Closed ryancoe closed 3 years ago
@ryancoe If you are interested in entire datasets I'd recommend that you download the entire source file from S3: s3://nrel-pds-nsrdb/v3/nsrdb_2018.h5
Our HSDS service doesn't have the bandwidth to extract an entire dataset with is ~71 GB.
Thanks @MRossol! I was new to AWS, but found the following to work fine (posting here in case someone else finds it useful):
aws s3 ls s3://nrel-pds-nsrdb/v3/puerto_rico/ --no-sign-request --human-readable
aws s3 cp s3://nrel-pds-nsrdb/v3/puerto_rico/nsrdb_puerto_rico_2017.h5 --no-sign-request ~/Downloads/
One further question if you don't mind: It appears the full h5
files (e.g., s3://nrel-pds-nsrdb/v3/nsrdb_1998.h
) are actually ~1.5 TB. I guess what I was really hoping to do with my original question was download a subset of the data I'm interested in using rex
(probably via the Python interface) and save that as an h5
file. I believe this might go something like:
from rex import NSRDBX
nsrdb_file = '/nrel/nsrdb/v3/nsrdb_2018.h5'
with NSRDBX(nsrdb_file, hsds=True) as f:
ghi = f.get_region_df('ghi', 'California') # this puts the data in memory as a Pandas DataFrame
ghi.to_netcdf('savepath.h5') # this is the part that I'm missing
# alternatively, it would be nice to just directly save the data to disk without putting the whole thing in memory
f.get_region_df('ghi', 'California').to_netcdf('savepath.h5') # something like this?
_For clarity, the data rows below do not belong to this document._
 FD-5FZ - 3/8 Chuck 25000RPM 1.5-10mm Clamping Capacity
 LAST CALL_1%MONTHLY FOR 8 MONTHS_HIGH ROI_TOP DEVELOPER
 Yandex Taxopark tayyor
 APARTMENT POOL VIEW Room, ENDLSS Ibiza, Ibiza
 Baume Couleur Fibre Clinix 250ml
@ryancoe, do you need all of the variables for the given region or just 1? If it's just one, we normally just dump the table produced by get_region_df
to a .csv file. If you would like all of the variables (or a subset of them) I can try to find time to add in a new method to dump a region to a new .h5 file.
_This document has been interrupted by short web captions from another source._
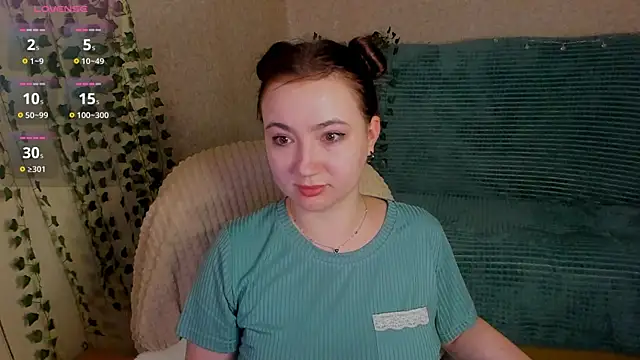 Micky_Wood 라이브 XXX 채팅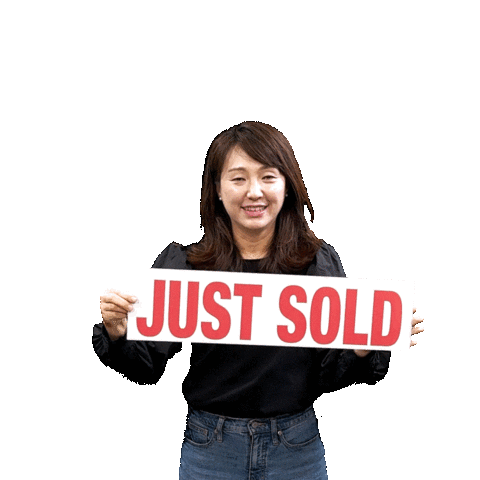 Sticker by jinhongteam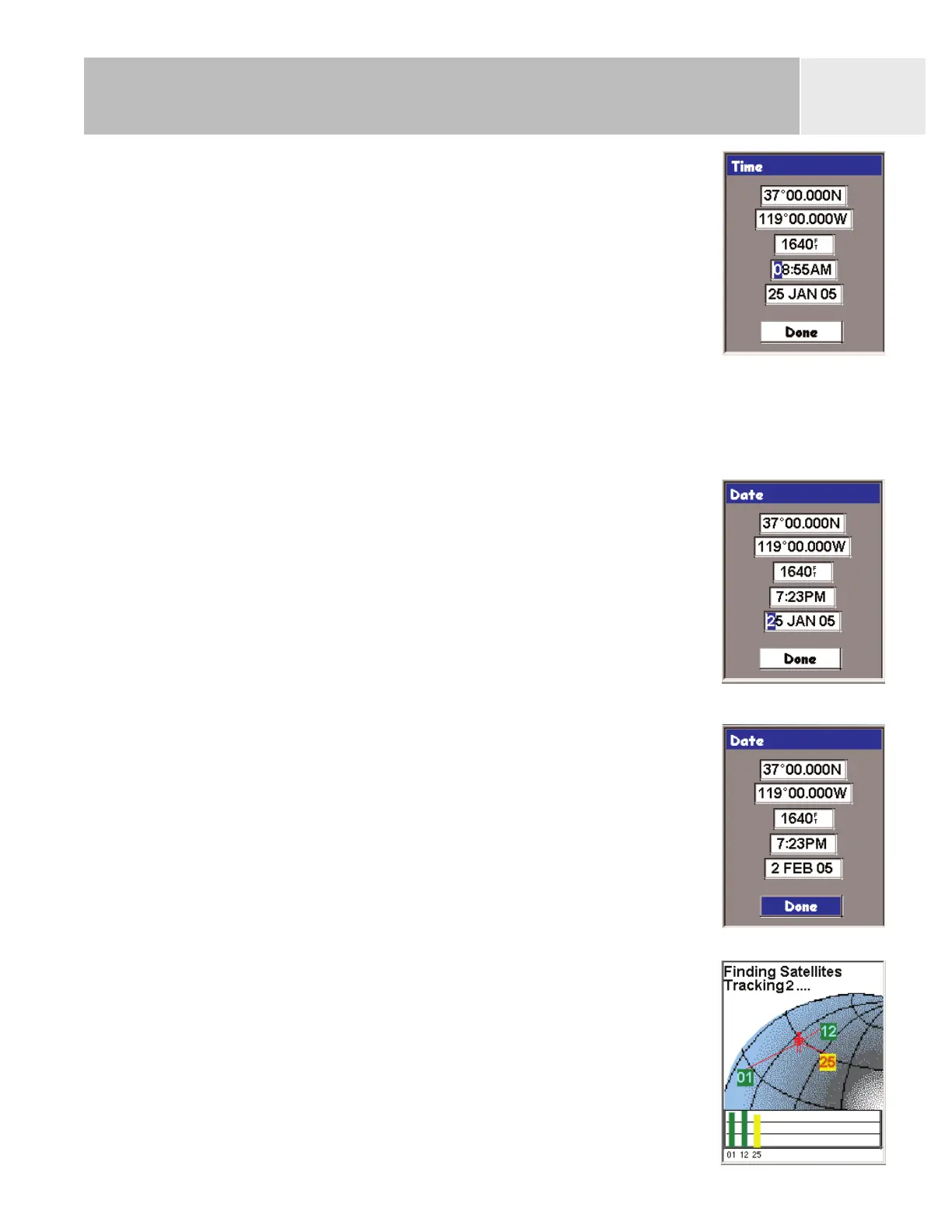 Page #20 background image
@MRossol - Thanks very much for you quick reply and help! I think that I only want a subset of the variables, so if it is easy to create a method for dumping that to an h5
, that'd be really cool!
@ryancoe see v0.2.39 specifically the new save_region module
Here is the test for an example of how to implement it: https://github.com/NREL/rex/blob/ecaca4cc311a1410fcece785c075a3362d64a6e8/tests/test_resource_extraction.py#L752-L753
@MRossol - First off, thanks so much for your help with this, I really appreciate it! I tried running the following based on your test. I hope that I'm not missing something silly, but that's definitely a possibility.
from rex import WindX
import os
import tempfile
region = 'Providence'
region_col = 'county'
datasets = ['windspeed_100m', None, ['windspeed_100m']]
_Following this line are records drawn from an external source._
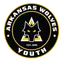 Picture for Arkansas Wolves FC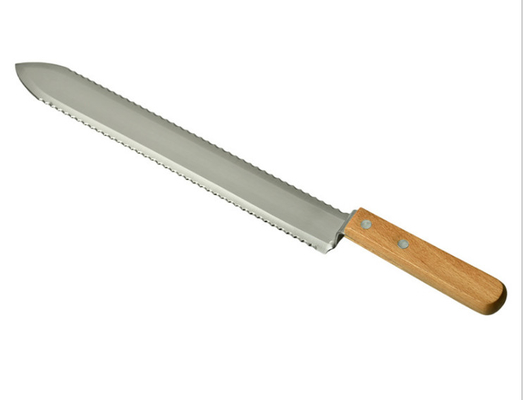 nazwisko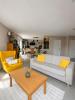 House BEAUMONT-LA-RONCE 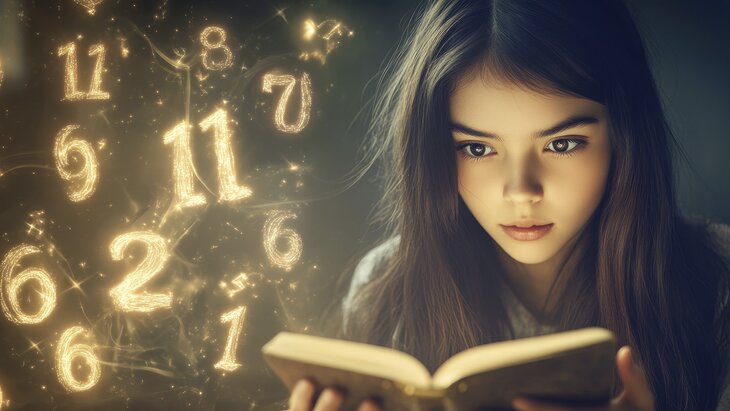 ��������� ����������, ���� ����� ��������� � ���� ���� ����� � 22.02.2026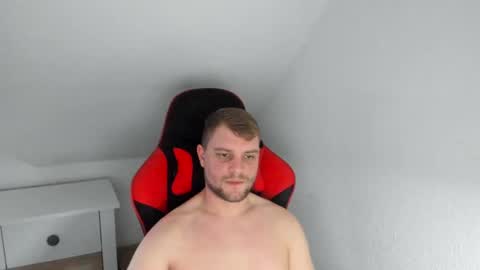 Snapshot of kozik1992 chatting on February 2025 07:15:01 AM Bartek online show from February 2025 07:15:01 AM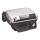 Tefal - SUPERGRILL Contact Grill 2000W/230V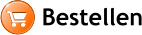 Bestellen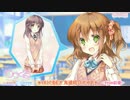 りりくる Extra episode　友達紹介ボイス from彩愛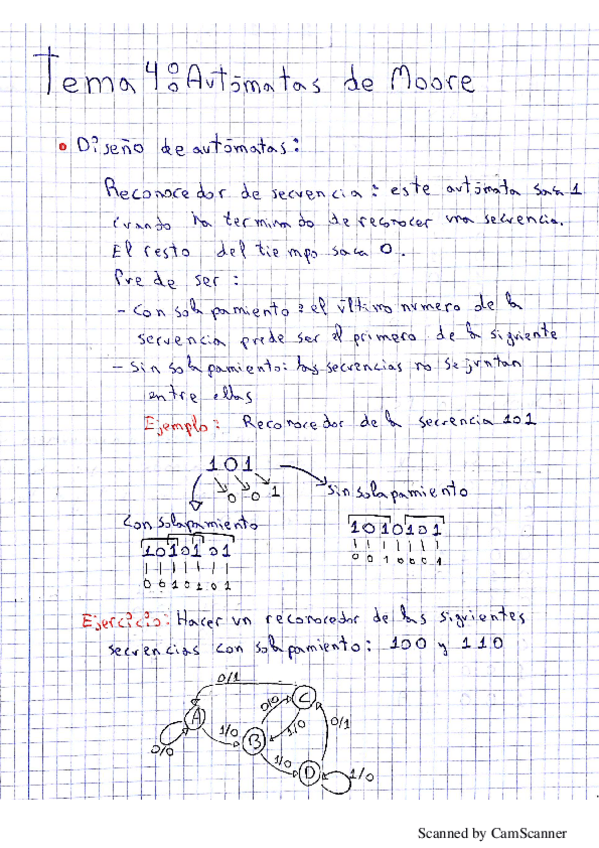 Miniatura del documento tema 4 FC.pdf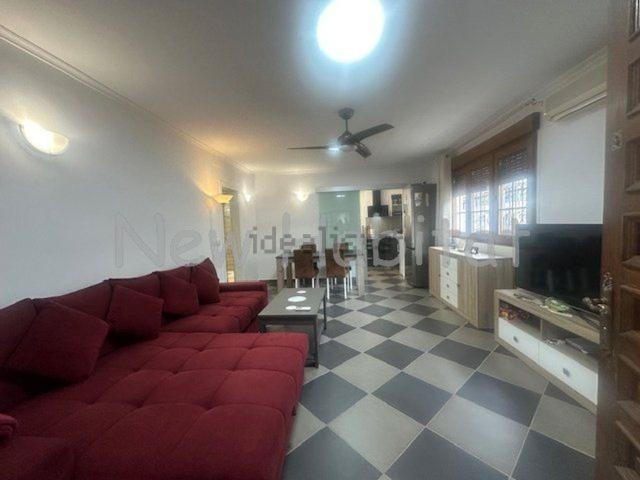 Chalet, Oropesa del Mar
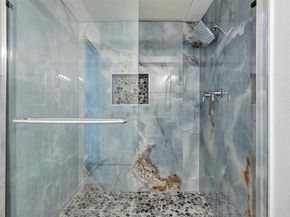 4406 Kacee Drive, Houston TX 77084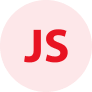 java-script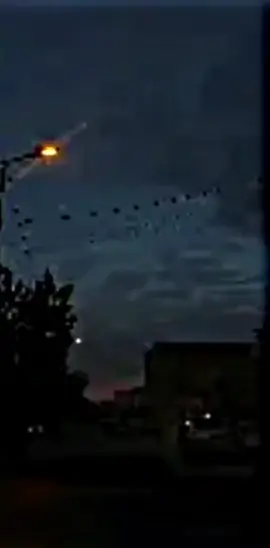 #نستغفرك_يارب_حين_تلهينا_الدنيا_عن_ذكرك♥️ 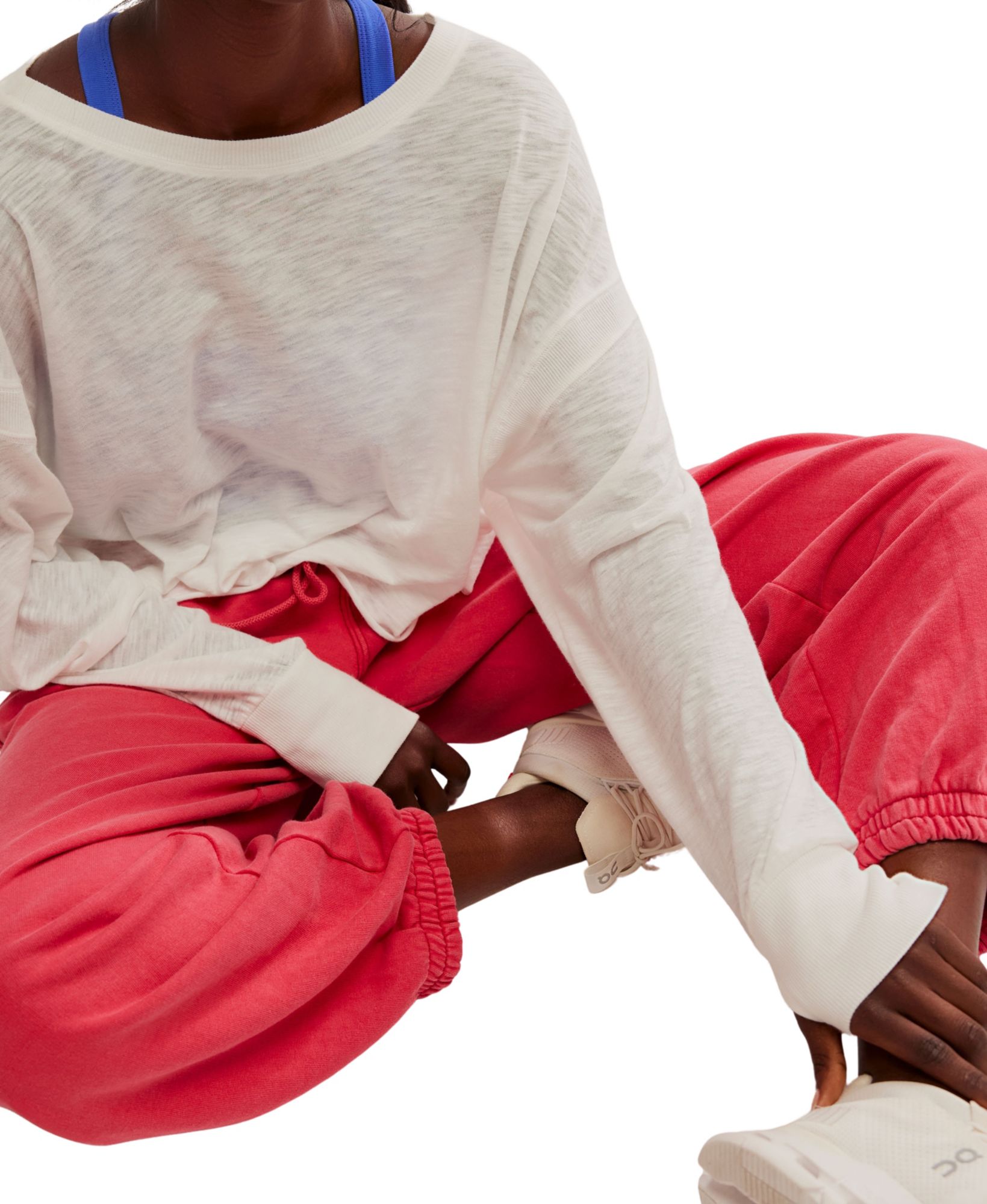 FP Movement Women's All Star Pants product image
wtk_file = '/nrel/wtk/conus/wtk_conus_2014.h5'
with WindX(wtk_file, hsds=True) as f:
for dset in datasets:
print(dset)
with tempfile.TemporaryDirectory() as td:
out_path = os.path.join(td, 'test.h5')
try:
f.save_region(out_path, region, datasets=None,
region_col=region_col)
except Exception as e:
print(e)
As you can see, I was trying a couple of ways for setting the datasets
argument, but all of these return similar errors
Traceback (most recent call last):
File "test_save_region.py", line 19, in <module>
f.save_region(out_path, region, datasets=None,
File "test_save_region.py", line 19, in <module>
f.save_region(out_path, region, datasets=None,
File "/Users/rcoe/anaconda3/envs/waveResource/lib/python3.8/site-packages/rex/resource_extraction/resource_extraction.py", line 935, in save_region
data = ds[gids]
File "/Users/rcoe/.local/lib/python3.8/site-packages/h5pyd/_hl/dataset.py", line 729, in __getitem__
selection = sel.select(self, args)
File "/Users/rcoe/.local/lib/python3.8/site-packages/h5pyd/_hl/selections.py", line 88, in select
sel[arg]
File "/Users/rcoe/.local/lib/python3.8/site-packages/h5pyd/_hl/selections.py", line 267, in __getitem__
raise TypeError("PointSelection __getitem__ only works with bool arrays")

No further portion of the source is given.